All,
because quite some mail was triggered because of ideas to use better
parsers, faster memory algorithms, etc. I did some performance tests. To
do this I used the "scenario3" of the interop tests. You may find the
deployment files in the interop directory and subdirectories thereof.
Test case: Scenario 3
Request flow: Sign body, encrypt body after signing, add a timestap
- Signature certificate in the request (DirectReference), Signature
algorithm is RSA
- Certificate used for encryption identified using SKI, symmetric
encryption algorithm is tripple DES, encyrption key generated using a
random generator and is encrypted using private key linked to the
certificate, algorithm used here is RSA
Response flow: same actions and attributes as for request
System:
Hardware: AMD Athlon64 3000, 1GB Main mem
Software: Linux (SuSe 9.2), Java J2SE JDK 1.4.2_07
Test setup:
Standalone Axis client using WSDoAllSender / WSDoAllReceiver
SimpleAxisServer as server using WSDoAllSender / WSDoAllReceiver
During the test the system was not empty, but no heavy active task
were running. However, some time-spikes arise from other system
activities.
Test run:
One "Warmup run" request/response, then 20 timed request/response pairs,
several test runs using this test setup.
Several timeing points are used to get information about each step of
the request and response processing.
No real time clock available, thus using the standard system clock.

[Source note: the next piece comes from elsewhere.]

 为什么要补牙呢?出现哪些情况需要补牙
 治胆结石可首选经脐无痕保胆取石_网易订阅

This may result in time deviations.
Findings:
The total time to execute the 20 request/response pairs was about
4100-4200ms, resulting in about 205-210ms per request/response.
Request send (client side):
Total time from enter WSDoAllSender up to exit: typically about 34-37ms
- time spend to sign: about 27-28ms (24-24 ms XML-SEC
processing in
Signature class)
- time spend to encrypt (smy/asym): about 5-6ms
- the rest of 1-3ms was spend in Axis processing (get message, get
SOAP Enevelope as document, c14n the resulting SOAP request, etc.)

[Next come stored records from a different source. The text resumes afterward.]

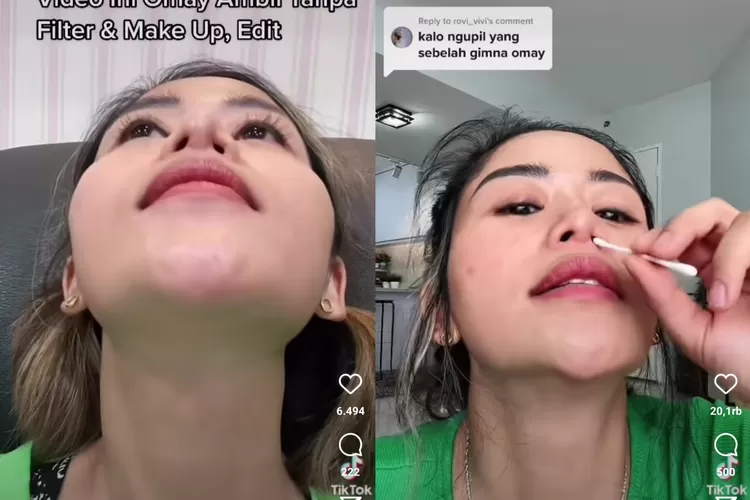 Tiga Kali Operasi Plastik Lubang Hidung Youtuber Farida Nurhan Malah Tak Simetris Jari Gak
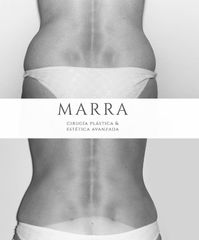 Lipoaspiración US (Ultra Sonica) - Clinica Marra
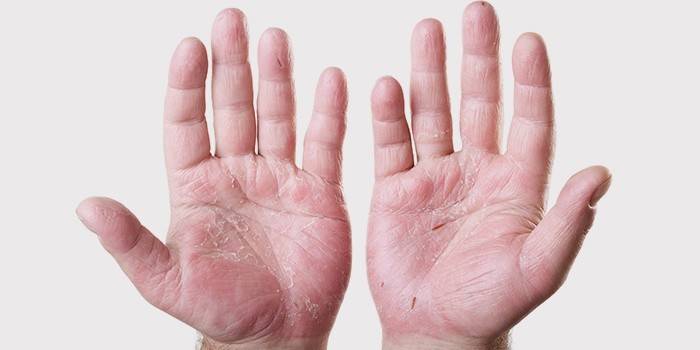 Ekzeme zur Hand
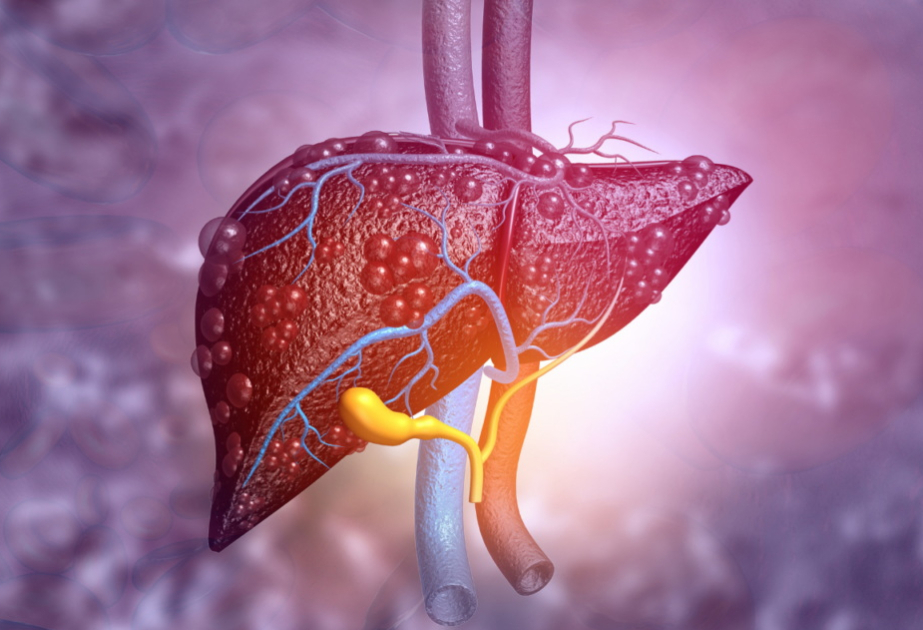Researchers in Australia unveil new tool for early detection of severe liver disease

Request receive (server side):
Total time from enter WSDoAllReceiver up to exit: typically about
42-47ms
- time spend to verify: about 5-6ms
- time spend to decrypt: about 24-26ms (about 60-65% of
time spent in
decrypting the
symmetric key using
the private key,
rest in 3DES)
- time spend to check cert trust, check timestamp, header processing:
about 4-5ms
- the rest of 6-10ms was spend in Axis processing (get message, get
SOAP Enevelope as document, c14n the resulting SOAP request, etc.).
Most of that spent for Axis serialization (about 4-6ms), because the
received data is much larger (includes all the security headers etc.)
thus deserialization takes more time.
The timing for the response flow is very similar to the request flow
with one notable difference, but this could not be verified in all cases
(maybe this is due to the "not empty" system).
Conclusion:
- The security processing for one direction takes ~75-85ms, for a
request / response pair about 150-170ms
- Most of that time is spent in Signature/Encryption/Decryption
processing (120-140ms), thus accounting for about 80-90% of the
time for security processing
- the rest is consumed by Axis, DOM, c14n, certificate lookup, and other
security handler activities, operating system to send/receive the
data, etc.
Question: would such a result justify the efforts to speed up DOM,
parser, etc. processing? Just to speed up the remaining 10-20%?
The real time consuming things in security are always the encryption,
digest computations, public/private key computations etc.
I did a similar test with scenarion #1 (UsernameToken). With this
scenarion a request/resonse pair takes about 22-25ms on my system (same
test setup as described above). Thus Axis and its engine is also not
the bottleneck compared to the "real" security. If someone makes
Axis or parsing faster - very good for normal usage, but it doesn't help
much for security unless someone finds the superfast implementation
of the digest, encyrption, decryption algorithms.